Indice
SPM 2015/16 Exams
Exam dates
Term | Deadline for submitting project | Oral exams calendar |
---|---|---|
Extraordinary term | November 2nd, 2016 | Calendar |
First term 2016-17 | January 17th, 2017 | Calendar |
Second term 2016-17 | February 13rd, 2017 | Calendar |
Extraordinary term | April 6th, 2017 (deadline to submit the projects) 9.00am | |
First summer term 2016-17 | June 13th | Calendar |
Second summer term 2016-17 | July 3rd | |
Third summer term 2016-17 | July 24th | |
Autumn term 2016-17 | Sept. 12 (there will be some possibility to extend the deadline, upon motivated request) |
Machine access
Here you may find the instructions to access the machine(s) avaialable for the project.
List of assigned accounts
Final project
The final SPM project is structured in 6 different alternatives. Students should agree which one they want to choose with the Professor before actually starting to implement the project.
Alternatives
Applications
Video filtering
This is video filtering application. Video frames should be read from file/device via OpenCV calls. Some kind of filtering (up to student or suggested by professor) has to be applied to each one of the frames. Eventually a new video has to be rebuilt from streams using again OpenCV calls.
Jacobi
The application finds the solution of a system of linear equations using the Jabcobi iterative method.
Free choice application
Any application of interest for the student. TO be discussed and agreed with the professor before actually start working on it.
RTS/library
Divide & Conquer
Implement a generic D&C support, with a clean and seamless C++ interface.

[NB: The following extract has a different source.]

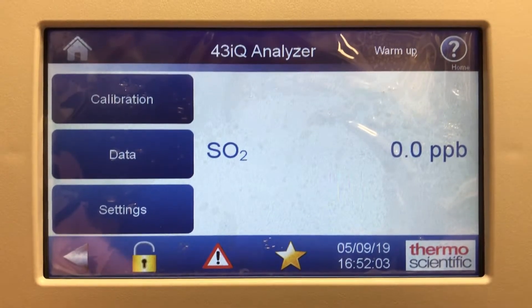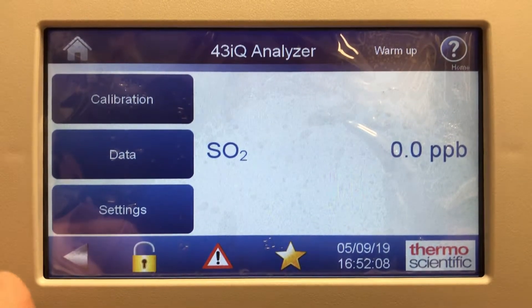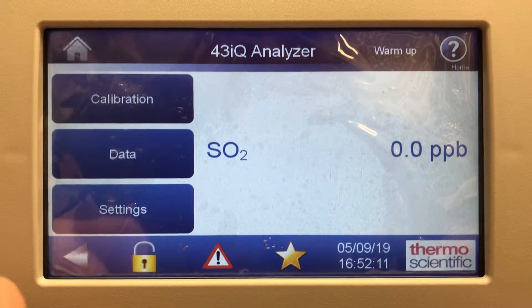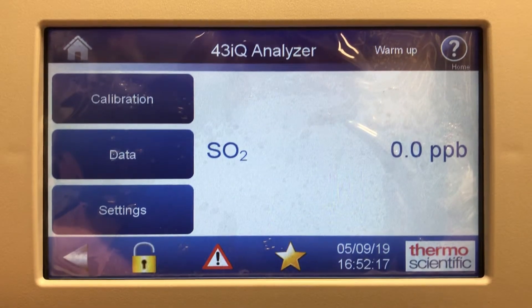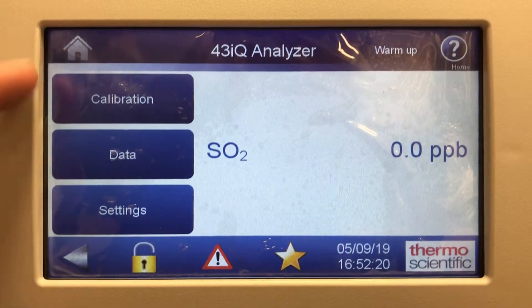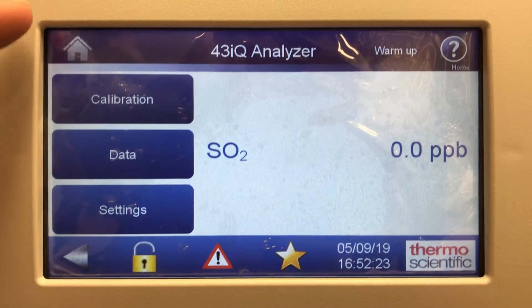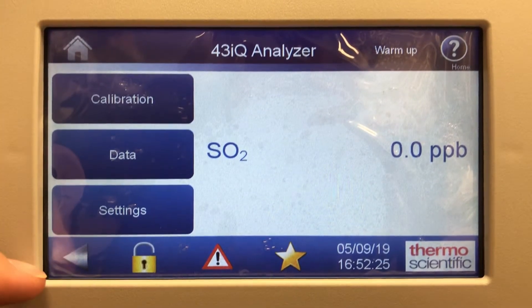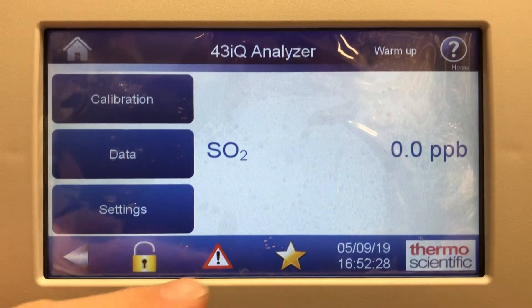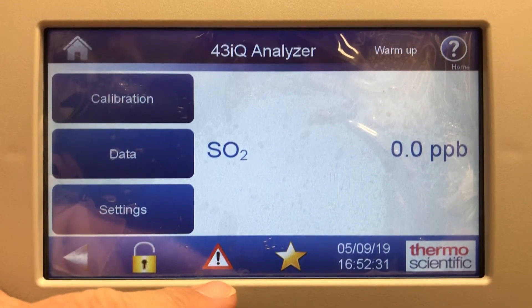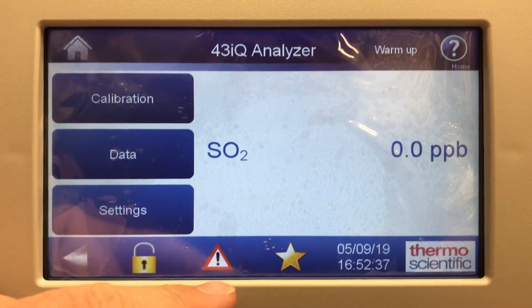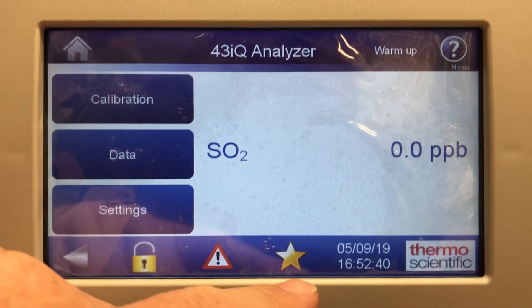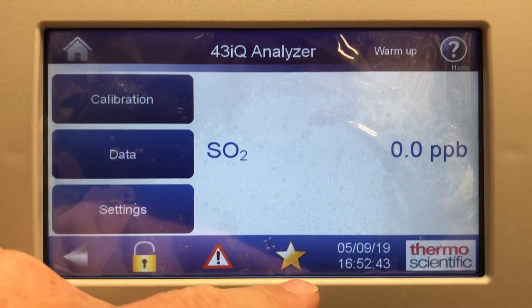Hi everyone, Jim with CDNova Instruments again. Today we are looking at the menu of the Model 43i Q SO2 analyzer from Thermo Scientific. This analyzer is very similar to the other ones I've shown, where they have calibration data and settings buttons on the left side of the screen. They have a home button, a back arrow button, password lock, and a status screen. If there's a green check mark everything's okay, and if you see a red triangle with an exclamation point then there's a status alarm. There's also a favorites button where you can jump into screens quickly.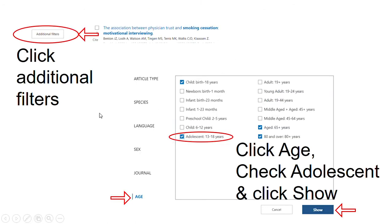In order to address the population we're interested in — adolescents — you can scroll down the PubMed results page and you'll see a box on the left that says 'additional filters.' Click that and there's a variety of filters, one of which is age. Click 'age' and then find 'adolescent,' check the box, and click show.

Successive approximation pattern
The pattern process a stream of input tasks and a global state value. For each one of the input tasks x one or more output tasks f(x,s) may be produced onto the input stream and the state value s is updated to s'(x,s). The function updating the state is monotonic. The computation of an f(x,s) with a non updated state s does not produce any damage/side effect (but using additional computational resources).
Free choice RTS
RTS relative to a pattern of interest for the student. To be discussed and agreed with the professor before actually start working on it
Free choice (Appl and RTS: note)
Students are encourage to propose and discuss with the professor different alternatives, possibly individuated because of personal interests, subjects already tackled in other courses etc.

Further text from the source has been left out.